Pero entre uno y otro caso, todavía habían de ocurrir algunos hechos reseñables. Así fue cuando en junio de 1987 el Gobierno destituyó fulminantemente al entonces gobernador militar de Guipúzcoa porque, al ser preguntado sobre la actitud de los ejércitos en el caso de que alguna autonomía se proclamase independiente o exigiese la autodeterminación, había declarado: “Si las instituciones del Estado lo aceptan, habría que respetarlo”. Era la más pura expresión de un fiel servidor de la Constitución y del orden establecido, aunque el Gobierno la tachó de inoportuna. Un editorial de El País comentó al respecto que si “del primer ministro [sic] para abajo, todo el que dice algo inoportuno en este país fuera apeado del cargo, las poltronas estarían hoy vacías”.
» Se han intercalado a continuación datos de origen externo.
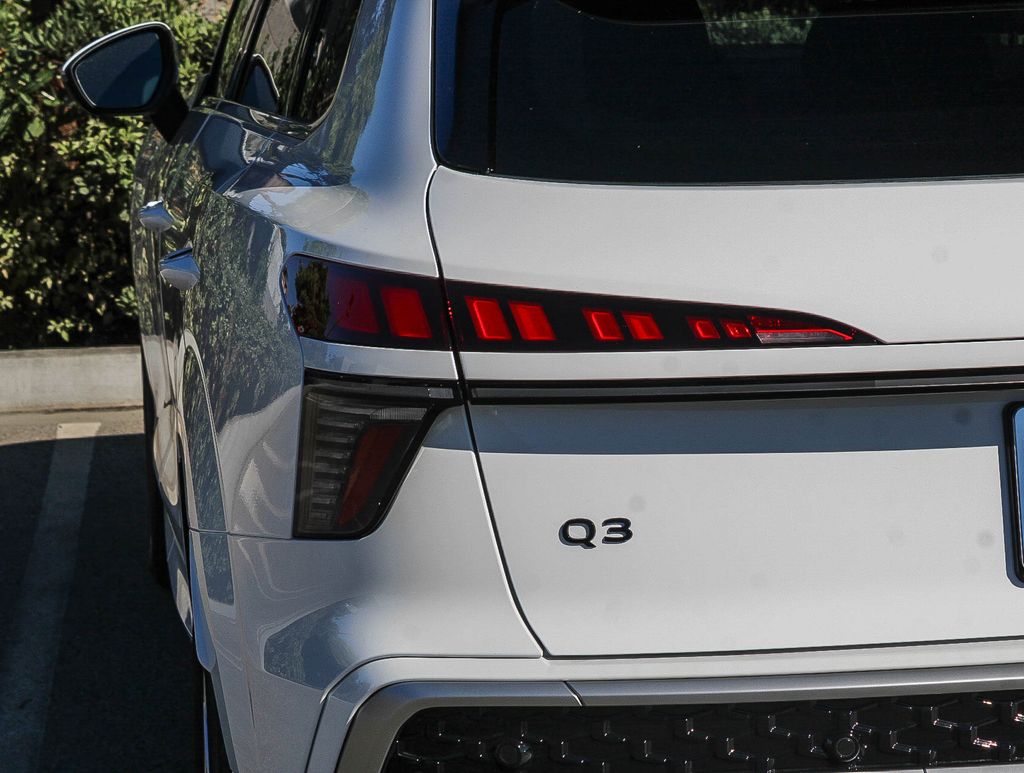 Thumbnail: 2026 Audi Q3 - 12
Han existido y existen, pues, mandos militares en España (como sucede en otros países democráticos) que asumen la democracia, respetuosos con el poder establecido y poco dados a utilizar lo que en otras ocasiones he llamado el “agujero golpista” de nuestra Constitución. Ese agujero está formado por los artículos 8 y 62-h. El primero asigna a las Fuerzas Armadas, entre otras, la misión de “defender la integridad territorial” del Estado; el segundo confiere al Rey “el mando supremo de las Fuerzas Armadas”. Algunos llegan a pensar que, puesto que la Constitución aprobada por las Cortes y ratificada por el pueblo español ha asignado ya sendas misiones al Rey y a sus ejércitos, la “integridad territorial” española no será puesta jamás en tela de juicio. ¿Rompería, por ejemplo, el federalismo esa integridad? Si el Rey y los ejércitos opinasen conjuntamente que sí, ya no habría espacio para la discusión política: la intervención militar sería automática y lo mismo ocurriría si alguna parte de España pretendiese alcanzar la independencia por vía democrática, al estilo quebequés o escocés. Ese camino, según los que así argumentan, estará para siempre bloqueado.
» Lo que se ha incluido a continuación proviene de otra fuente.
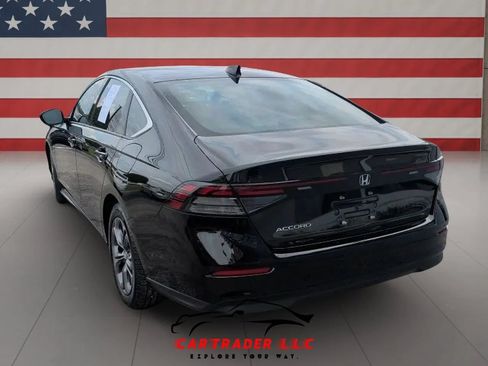 Used 2023 Honda Accord EX image 4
El agujero golpista tentó profundamente a los residuos del franquismo durante la transición, cuando la política del Gobierno no era la que ellos deseaban. Pero la fórmula que deshace la trampa se basa en otros dos artículos de la misma Constitución, olvidados por los propensos al golpismo: el 97 y el 64. El primero pone en manos del Gobierno, entre otras cosas, “la Administración militar y la defensa del Estado”; el segundo limita la legalidad de los actos del Rey a su refrendo por los miembros competentes del Gobierno. Queda así definitivamente cerrado el peligroso agujero golpista.
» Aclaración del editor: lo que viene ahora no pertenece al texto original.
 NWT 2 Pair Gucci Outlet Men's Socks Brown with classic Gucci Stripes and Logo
No puede ignorarse que hoy asoma la cabeza el grave problema predicho por Linz. ¿Cómo afrontarlo y resolverlo? Soñar con atajos militarizados solo conducirá a su agravamiento o a un aplazamiento temporal y a su futuro renacer en peores condiciones, como muestra la historia de los pueblos. La vía más razonable es el ejercicio de la democracia en el campo exclusivamente político. Una de las cualidades de la política es su capacidad para prever futuros conflictos y anticipar su resolución pacífica y duradera. Sin profundizar en esto, a todos se nos alcanza que sería más eficaz articular una política general que se esforzase en no fomentar y agravar la voluntad disgregatoria prevista por Linz; y no afrontar ésta mediante la simple coerción o el temor larvado a enfrentamientos violentos. Aunque esto requiera políticos sagaces y un pueblo poco fanatizable y capaz de vivir pacíficamente en democracia. ¿Se dan en España estas condiciones?